IABR-

The IABR is more than a series of biannual events. It initiates Ateliers: open-minded development trajectories, driven by research by design, often spanning several years, always linked to existing urban projects in cities in Holland or abroad, and focused on finding applicable solutions.

IABR–Atelier Istanbul, Workshop in Arnavutköy

picture: IABR

Each IABR edition seeks a new point of view and a new perspective while building on the work of the preceding edition(s). Nothing is needlessly discarded; knowledge and results accumulate, the network grows.
The IABR is continually working on clarifying and presenting the challenges of tomorrow, by positioning design, by connecting thinking to doing, and open research to concrete ventures and existing projects.
As a result, the IABR is now more than “just” a string of bi-annual events, and each event is more than “just” an exhibition. Its methodology links the manifestation to long-running research and development projects that we initiate, always in collaboration with municipalities in Holland or abroad, and focused on actual implementation.
These two elements –the biennale proper and the research and development– reinforce each other: the making of city is exhibited, and the exhibition in turn tangibly contributes to the actual process of making city.

methodology
In the course of the 4th IABR: Open City, the IABR first made this working model concrete in a close collaboration with SEHAB, São Paulo’s Social Housing Department. One result of this collaboration was the IABR’s formal inception of the working model of the sabbatical detour, a methodology that links location, research, exchange, presentation, and implementation to one another and makes it possible for urban planning projects to literally make a detour by way of an international exhibition.

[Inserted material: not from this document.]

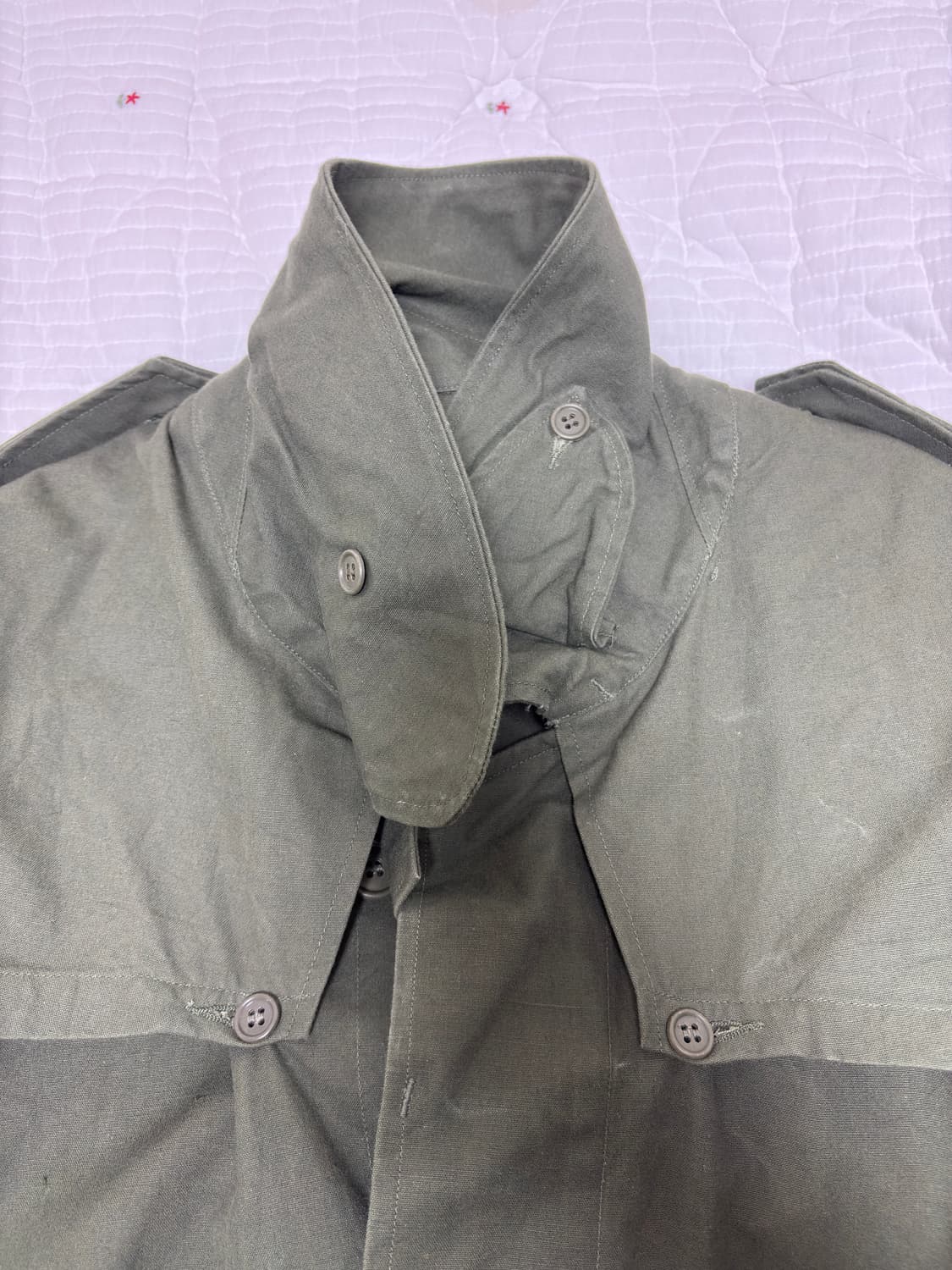프랑스군 장교, 헌병용 케이프 코트(80-90년대) 상품이미지6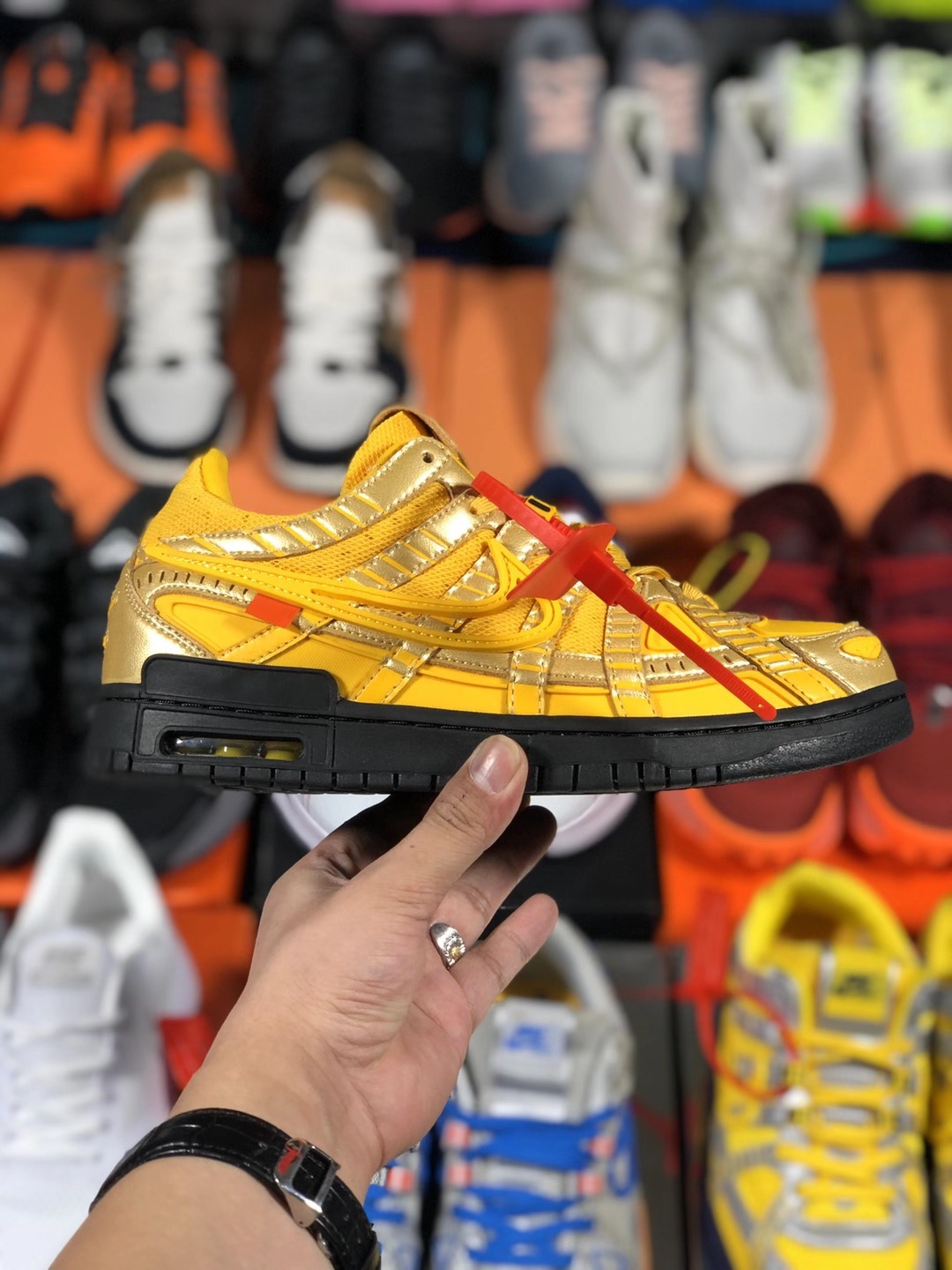 nike sb dunk - Amarillo Negro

São Paulo became the first IABR Test Site, Rotterdam and Istanbul soon followed. In these three cities the IABR set up Ateliers in close collaboration with local partners. Open and new alliances between urban designers, academics, knowledge centers, businesses, developers and local authorities form the driving forces behind these projects. These were presented to the public in all three cities during the 4th and 5th IABR: Open City and Making City.
Later, IABR also set up Ateliers in Albania, and in Brussels and East-Flanders, Belgium, and, together with the Dutch government, private enterprises and nature organizations, an Atelier that explored the Northsea's potential for large-scale wind energy production by 2050.
The explicit aim of these collaborations is always to actually see the project proposals implemented and realized.

Workshop Atelier Istanbul

partnership with the Ministry of Infrastructure and the Environment
In 2011 the Dutch government decided to take part in the 5th IABR: Making City, with seven nationally important spatial planning projects. In 2012 the Ministry commissioned the IABR to apply the successful sabbatical detour model in the Netherlands.

solution-oriented
The advantage of collaboration between a city and a cultural organization like the IABR is the 'free space for thinking' that is created temporarily, a sabbatical detour in an international setting with the aim of making city differently and possibly better. The formation of new alliances, research and development, the exchange of knowledge and expertise, public debate and presentation on a prestigious platform as well as implementation are riveted together in this model: a guarantee almost for the delivery of alternative approaches, new perspectives and often surprising but always applicable and realistic solutions.